You are all wrong. Written very well with refereshing acting. Doesn't anyone give a TV show three or four episodes before they call it bad? Amateurs!
What is it about "Studio 60" that has critics, fans and even Sorkinistas so confused? I've yet to read a single cogent entry on the Danny-Jordan relationship yet that's the most compelling thing going for the show. That they would hook up has been obvious since at least "The Focus Group" when she kisses Matt on the cheek but plants a long one on Danny's mouth after the ratings come back at 109% of the 1st week audience. The first thing my wife and I discuss after each episode is whether or not they're doing it yet.
The turning point for me is their meeting at the bar. When Jordan asks Danny if it's ok that she's drinking in front of him it implies a lack of emotional intimacy that would be present between these characters had they already become physically intimate. But the meeting at the bar implies a mutual interest in one another that they want to explore but do not want to broadcast in front of their co-workers.
That's what all the fans are missing: Sorkin already *told* you (in this scene) that he isn't going to show you the hook-up. It is subtext. You need to be an active viewer and figure it out for yourself, not a passive viewer that has everything exposed for you as if this were just another daytime "drama."
That the fans would miss this doesn't surprise me. That the critics and Sorkinistas would does but probably shouldn't. This show isn't about the making of comedy anymore than "Sportsnight" was about the making of Sportscenter or "The West Wing" was about the making of public policy. Sorkin, even when he's feeling a bit misanthropic, loves people and the people he loves most of all are actors. Ask any decent actor and they'll tell you that what they lack the most is well writtten characters. One can perform only so much WS.
NBC and CBS reportedly got into a bidding-war for the rights to S60 and Sorkin is only too happy to share the wealth with his actor buddies, Tommy Schlamme's wife, et. al. This is a character driven show, just as Sorkin's previous efforts were, and it is about those characters, not the making of comedy, television, public policy or sausage.

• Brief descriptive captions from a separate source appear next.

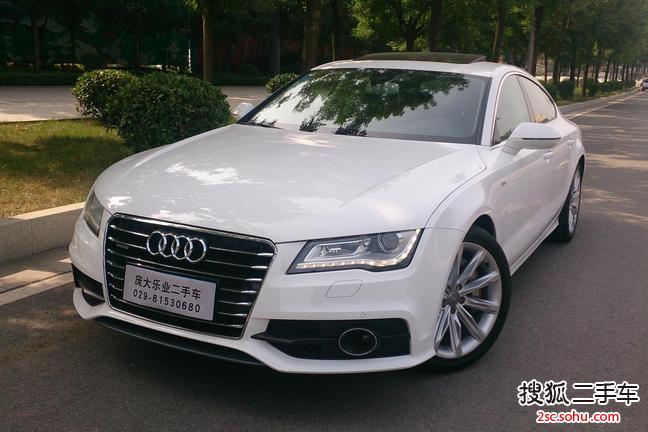 奥迪A72012款3.0TFSI quattro豪华型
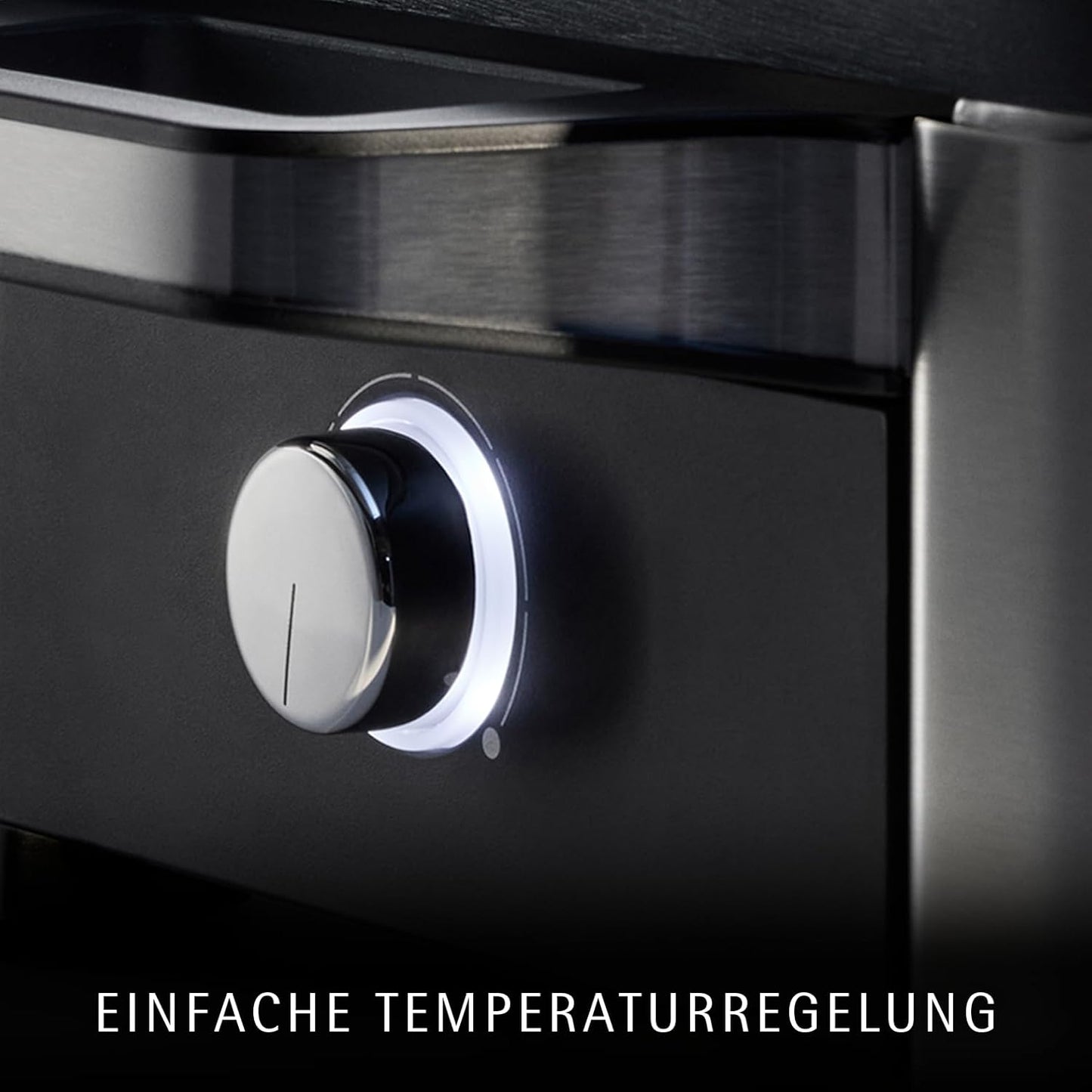 WMF Lono Raclette Grill für 8 Personen – Cromargan Edelstahl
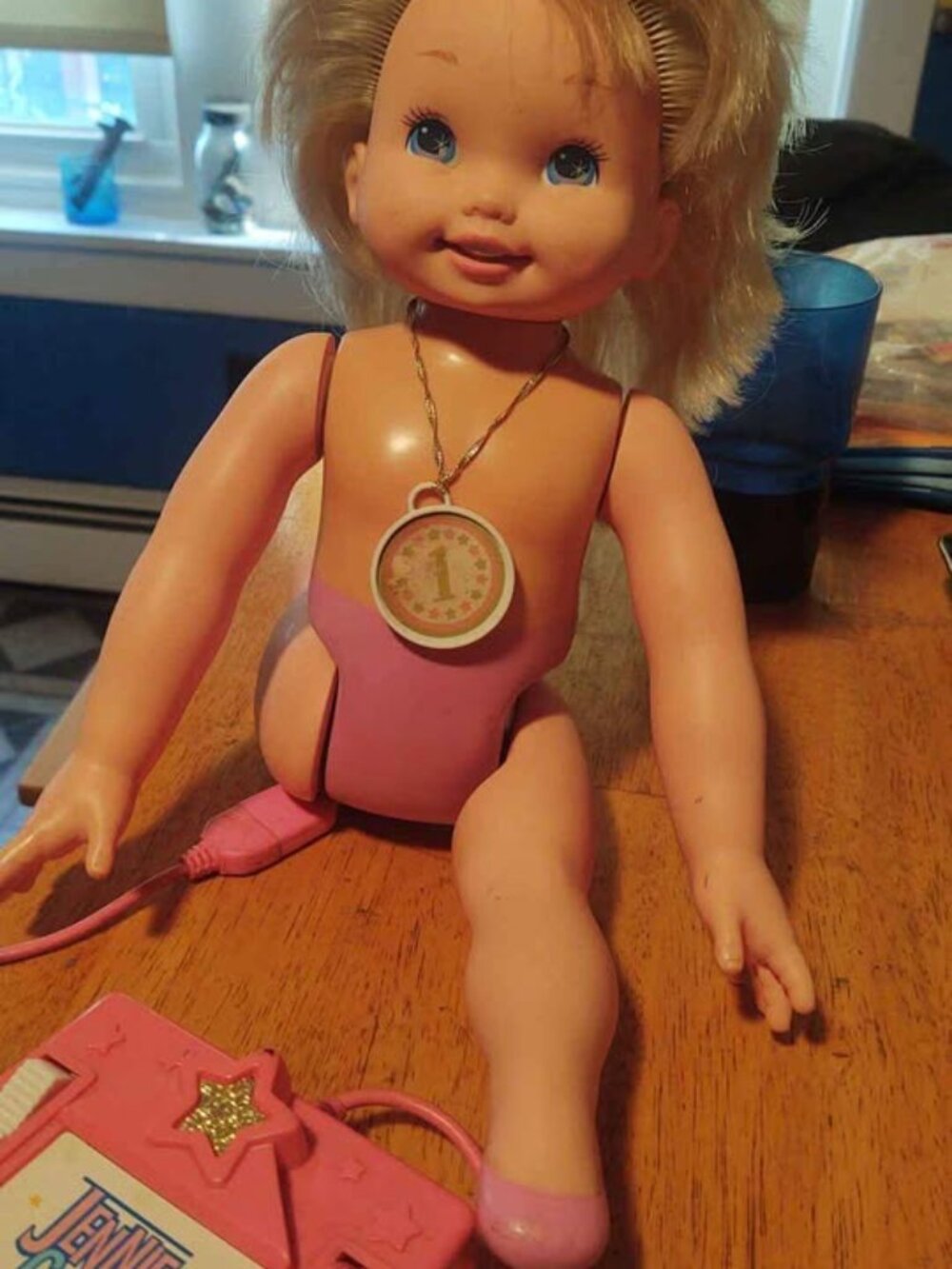 Vintage 1993 Jennie Gymnest Doll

Studio 60 on the Sunset Strip is available on Netflix Instant now. I finally caught up with it and have to agree to a lot of these criticisms. I try to imagine how it could've stayed on air for more than a season, and that calls for Matt Perry being recasted. Probably D.L. Hughley too and throw in Nate Corddry too.
There's almost nobody to really connect with in the show. People who don't work get most of the screen time (Perry and Whitford, Peet).
All the things it could've been. I thought the pilot was good, not West Wing pilot great, but good. In hind sight to the series, it was really great.